Here’s an example: Let’s assume a dentist has been working as an associate for 3 years and has made an average annual salary of $150,000. The associate is now interested in buying a practice for $450,000. Historically, this practice generates revenue of $600,000. On average, a dental practice nets 40% profit to the owner.
In this scenario, the net income for the practice would be $240,000. A 10-year loan for $450,000 requires monthly payments of roughly $4,700, which amounts to $56,400 annually. After the dental practice pays the loan, the net income to the practice is $183,600 ($240,000 original net minus the $56,400 debt payments). We can see that the associate in this example will actually increase their annual income by $33,600, even though they took on an additional $450,000 in debt.

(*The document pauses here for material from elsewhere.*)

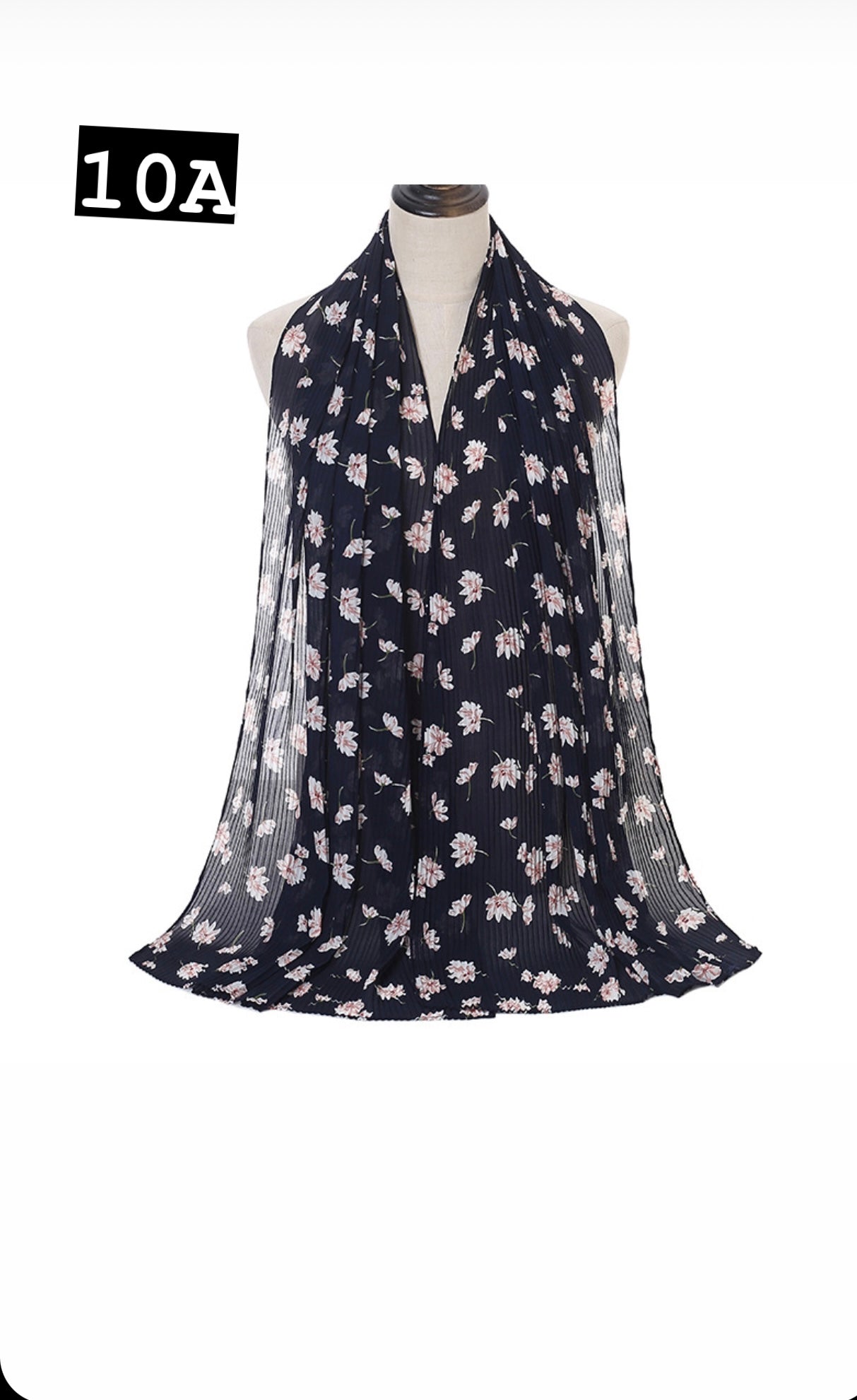 Floral Chiffon Pleated Scarves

Let this way of looking at debt serve as motivation to help you fulfill your dream of owning a practice!
The current student loan situation can be overwhelming, so most new dentists will graduate with a goal to pay off all of their debt as quickly as they can, and they’ll be prudent about borrowing more money. They’ll work as associates in practices for longer periods of time than necessary because they fear acquiring additional debt.
But buying a practice could actually be a way to pay off the debt more quickly. By purchasing a business and allowing it to pay the practice debt first, a dentist can increase income and improve cash flow. Borrowing money is intimidating – and so is taking the leap from associate to practice owner – but the additional debt can actually be worth it in the end.